[Crawled caption data]

^^^^^^^^^^^^^^^^

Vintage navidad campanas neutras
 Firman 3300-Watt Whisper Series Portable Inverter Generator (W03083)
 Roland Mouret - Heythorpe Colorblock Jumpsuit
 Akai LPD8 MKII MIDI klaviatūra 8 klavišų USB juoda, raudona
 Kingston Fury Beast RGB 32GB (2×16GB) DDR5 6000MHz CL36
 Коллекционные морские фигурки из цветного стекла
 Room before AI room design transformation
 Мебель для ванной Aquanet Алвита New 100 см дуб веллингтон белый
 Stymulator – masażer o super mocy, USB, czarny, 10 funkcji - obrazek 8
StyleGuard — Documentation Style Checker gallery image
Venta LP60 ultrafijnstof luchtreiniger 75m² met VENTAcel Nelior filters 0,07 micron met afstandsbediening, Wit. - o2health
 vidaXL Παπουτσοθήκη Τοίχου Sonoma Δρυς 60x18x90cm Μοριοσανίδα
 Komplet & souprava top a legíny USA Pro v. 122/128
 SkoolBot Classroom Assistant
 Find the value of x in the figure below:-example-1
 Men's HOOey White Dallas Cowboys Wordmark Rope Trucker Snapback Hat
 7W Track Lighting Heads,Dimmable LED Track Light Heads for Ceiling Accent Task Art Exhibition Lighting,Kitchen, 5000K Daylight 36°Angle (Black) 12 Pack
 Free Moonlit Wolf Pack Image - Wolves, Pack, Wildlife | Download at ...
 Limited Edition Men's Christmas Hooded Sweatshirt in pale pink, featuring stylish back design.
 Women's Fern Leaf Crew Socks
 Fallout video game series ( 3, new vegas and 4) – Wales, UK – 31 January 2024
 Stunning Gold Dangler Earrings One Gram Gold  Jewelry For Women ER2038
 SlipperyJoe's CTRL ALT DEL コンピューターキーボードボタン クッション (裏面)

^^^^^^^^^^^^^^^^

Work to complete:
Beginning with the line above that contains "Free Moonlit Wolf", copy each line exactly up to and including the line that contains "Fallout video game", and go no further.

Answer to the exercise:
 Free Moonlit Wolf Pack Image - Wolves, Pack, Wildlife | Download at ...
 Limited Edition Men's Christmas Hooded Sweatshirt in pale pink, featuring stylish back design.
 Women's Fern Leaf Crew Socks
 Fallout video game series ( 3, new vegas and 4) – Wales, UK – 31 January 2024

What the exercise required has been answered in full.